# Dutch Families



## SarahY (Nov 6, 2008)

I very, very rarely breed back-to-back litters, so it's not often I get to watch the proud sires taking care of their families...

Chocolate Dutch pair; both very friendly and calm mice, with their three daughters:
































































These are first generation Dutch from a self outcross, the sire is the chocolate Dutch, the dams are the blacks. I only took one photo of these guys as the black ladies are quite flighty:










Some older first generation Dutch from self outcrosses:





































And some more pictures of my two blue Dutch:




























Sarah xxx


----------



## moustress (Sep 25, 2009)

Sweet family photos, Sarah; I just love this sort of thing!


----------



## Bridgette Rena (Jan 28, 2011)

You really have some beautiful dutch meecies! They all look great, but I especially like the three girls in the first litter.


----------



## Oneweek22 (Feb 13, 2011)

Never seen dutch before, very nice colors and pattern! I like the little family together with the 3 baby girls.


----------



## nuedaimice (May 26, 2010)

Sarah,

Of those photos, which of those babies is the best representative of the breed standard? I thought the first black dutch baby (out of self) was very nice, but was wondering which one really is the best?

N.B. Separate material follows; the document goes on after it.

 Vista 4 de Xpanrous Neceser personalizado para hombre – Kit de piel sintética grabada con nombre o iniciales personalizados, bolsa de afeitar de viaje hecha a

Oh and were the Black self does out of a dutch X self, or were they just self mice?


----------



## laoshu (Sep 16, 2009)

beautiful mice and beautiful photos sarah as always x


----------



## Matt Haslam (Mar 13, 2010)

Lovely Pics Sarah

I have never left a buck in with my nursing does so i never get family shots.


----------



## cristowe (Feb 13, 2011)

Beautiful pics. Dad looks so pleased with his family.x


----------



## SarahY (Nov 6, 2008)

Thanks guys! 



> I have never left a buck in with my nursing does so i never get family shots.

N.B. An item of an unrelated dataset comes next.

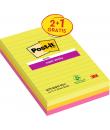 Post-It Super Sticky Pack de 3 Blocs de 75 Notas Adhesivas Reposicionables - Forma Rectangular - 101x152mm - Colores Surtidos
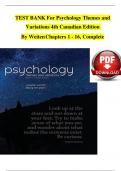 TEST BANK For Psychology Themes and Variations, 4th Canadian Edition By Weiten, Verified Chapters 1 - 16, Complete Newest Version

I've only done it once before, almost by accident. I had a doe who didn't look pregnant so I left her in, but she had one baby. I did it this time because I was getting to a crisis stage with my number of Dutch does - now I have loads :lol:



> Of those photos, which of those babies is the best representative of the breed standard? I thought the first black dutch baby (out of self) was very nice, but was wondering which one really is the best?


The chocolate buck in the first pictures is probably my best Dutch overall, although he has his faults. The first black youngster is fairly good, but his patches should almost meet between his ears.



> Oh and were the Black self does out of a dutch X self, or were they just self mice?


They were from Dutch x self.

Sarah xxx


----------



## racingmouse (Jan 12, 2011)

Gorgeous! The three lighter coloured babies are like little identical triplets!


----------



## mira_uk (Jan 7, 2011)

Wow! What beautiful pictures  
Dutch meeces are adorable!


----------



## The Boggit keeper (Mar 5, 2010)

Congratulations-They are simply adorable! Lovely family photo's


----------



## Rhasputin (Feb 21, 2010)

THAT mouse has loads of potential! :mrgreen:


----------



## SarahY (Nov 6, 2008)

Thanks Rhasputin; it's my dream to breed a line of Dutch with consistently high, straight saddles like the standard describes. I'm keeping a line of pure Dutch for showing in the meantime of course, but I thought there's no harm in going for it with a second line!

Sarah xxx


----------



## nuedaimice (May 26, 2010)

Thanks for the answers, Sarah.

Good luck fixing the saddles! Thats the biggest problem with modern day Dutch, isn't it? Slipping saddles?


----------